▶ TASK
Would you restate the listing word for word, with the images omitted?

▶ AVAILABLE DATA
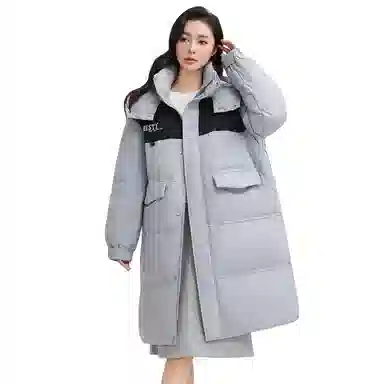 鸭鸭 拼色简约保暖纯色舒适休闲连帽长款外套羽绒服 男女同款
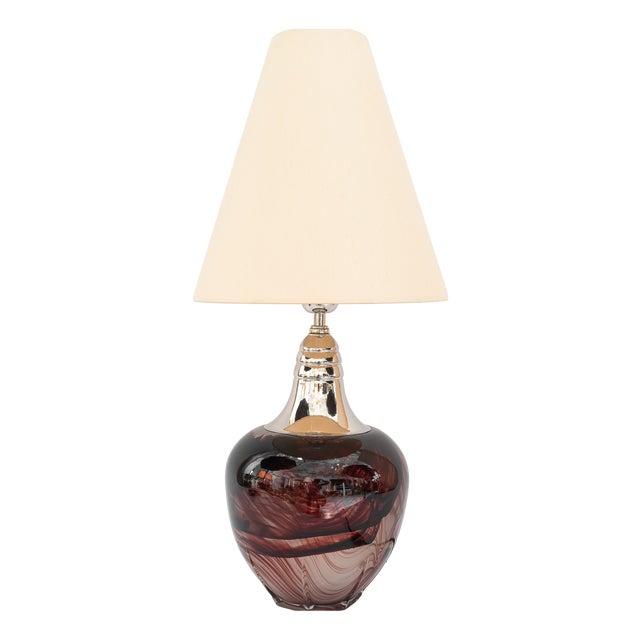 Murano Table Lamp with Fabric Shade, Italy, 1920s For Sale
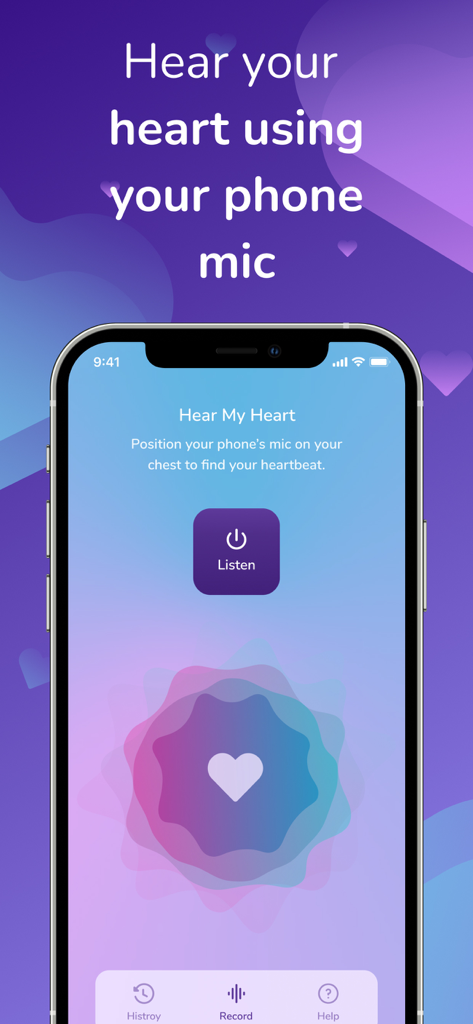 Hear my Heart Beat Monitor App - Una interfaz de aplicación móvil con un gran botón Escuchar e instrucciones para colocar el micrófono del teléfono en el pecho para escuchar los latidos del corazón.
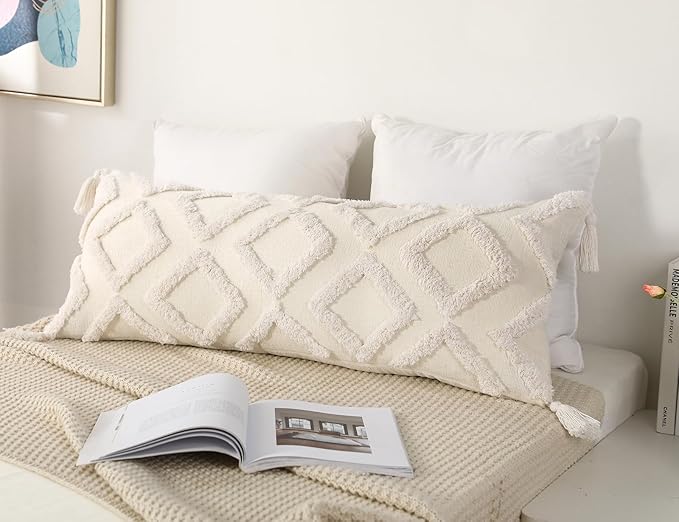 PANOD Decorative Long Lumbar Pillow Cover 14x36 Boho,Super Soft Chenille Extra Long Lumbar Pillow Case Cover with Tassel for Bed Sofa Couch Farmhouse Livingroom,White,Modern Skinny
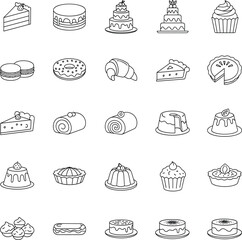 Dessert icons set, outline cakes, cupcake, donut, croissant, pie, tart, pudding, eclair, flan, macarons, bakery sweets, pastry food, vector illustration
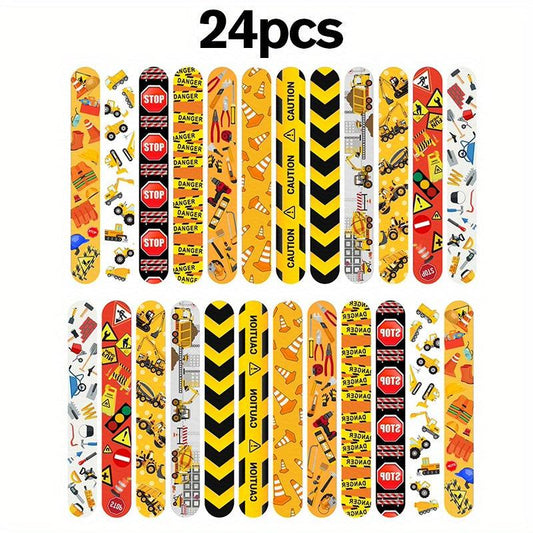 24pcs Slap Bracelets for Kids Construction Party Favors Bulk Toys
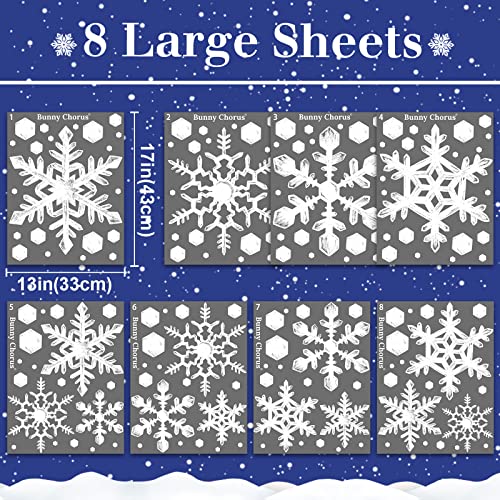 Large Snowflake Window Clings - 8 Sheets, Realistic White Crystal Christmas Decor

▶ SOLUTION TO THE EXERCISE
 鸭鸭 拼色简约保暖纯色舒适休闲连帽长款外套羽绒服 男女同款
 Murano Table Lamp with Fabric Shade, Italy, 1920s For Sale
 Hear my Heart Beat Monitor App - Una interfaz de aplicación móvil con un gran botón Escuchar e instrucciones para colocar el micrófono del teléfono en el pecho para escuchar los latidos del corazón.
 PANOD Decorative Long Lumbar Pillow Cover 14x36 Boho,Super Soft Chenille Extra Long Lumbar Pillow Case Cover with Tassel for Bed Sofa Couch Farmhouse Livingroom,White,Modern Skinny
 Dessert icons set, outline cakes, cupcake, donut, croissant, pie, tart, pudding, eclair, flan, macarons, bakery sweets, pastry food, vector illustration
 24pcs Slap Bracelets for Kids Construction Party Favors Bulk Toys
 Large Snowflake Window Clings - 8 Sheets, Realistic White Crystal Christmas Decor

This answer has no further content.